All cruise lines have man overboard (MOB) procedures required by the International Maritime Organization (IMO). The procedures are fundamentally no different that what is taught to the public in United States Coast Guard (USCG) powerboat courses.
My family took such a USCG course many years ago.
One of the operational courses involves simulating a man overboard by throwing a life-vest overboard. We all practiced performing a "Williamson Turn" where the person operating the powerboat turned the wheel to the side of the overboard and then, at around 60 degrees, turned the wheel back to the opposite side to come around and position the boat to speed back to the location of the man overboard. As one person handled the helm, others stayed focused on the overboard or obtained the equipment necessary to bring the overboard back on the boat as soon as possible.
By the end of the course, even my youngest, 5th grade son understood the importance of promptly powering the boat back to initiate the rescue.

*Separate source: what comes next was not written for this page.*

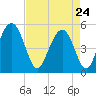 Point of Pines tide chart for Friday, April 24, 2026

We learned that every second was important.
Cruise ships are obviously not as maneuverable as a small powerboat. But the rescue protocols are fundamentally the same and equally important to passengers whether they went overboard from a small pleasure craft or a giant cruise ship..
We also learned that if the person overboard cannot be "immediately" located, we were required to notify the Coast Guard right away. All of the cruise lines are required to do so as well.
So when I learned that Royal Caribbean waited over two hours after a passenger observed another passenger go overboard from the Allure of the Seas to contact the USCG, I was absolutely shocked.
Not only did Royal Caribbean delay, it delayed outrageously so.
But it gets worst.
It not only delayed but it denied it delayed. It deceived the public by claiming that the captain of the Allure of the Seas "immediately" turned the ship around and notified the Coast Guard. Its corporate communication department set out to deceive the public by releasing a false and misleading PR statement claiming "immediate" action when, in truth, it delayed for hours.
Delay, deny, and deceive. We now have a dead passenger.
The young woman who went overboard has now been identified as A’riel Marion, a pretty young model with the rest of her life ahead of her. Her mother, Vera Marion, has hired a maritime lawyer in Miami, Brett Rivkind, to try and find out what happened and why Royal Caribbean didn’t do at least what my young son would have done – turn the damn ship around and, if the young woman was not "immediately" located, notify the Coast Guard?
WMC-TV, a television station in the small Tennessee town of Bartlett where A’riel is from, interviewed A’riel’s mother. Another passenger reportedly notified the cruise ship that she observed a passenger go overboard around 9:25 PM. Ms. Marion is quoted saying:
"They knew she had gone overboard. The woman called and said something from the deck fell and hit her arm. They immediately cleared off that side of the ship, but they never started the search."
Her attorney Rivkind added: "This is a very specific 911 call that a passenger from the cabin below was actually struck on the arm by the person who fell from the cabin above."
At 9:30 PM, the ship’s staff brought Ms. Marion to private room.
Ms. Marion states: "They started asking me, could she swim? And that’s when I panicked and knew that they knew that she had gone overboard."
Two hours later, at 11:30 PM the U.S. Coast Guard was called.
At 1:30 AM, the search for A’riel began.
"I believe they could save my daughter if they had began the search immediately," Ms. Marion told the news station.
Royal Caribbean has a lot of explaining to so.
But if history is any lesson, this cruise line will engage in more delay, denial and deception as it defends the lawsuit Ms. Marion will be forced to file to try and find out what happened to her daughter.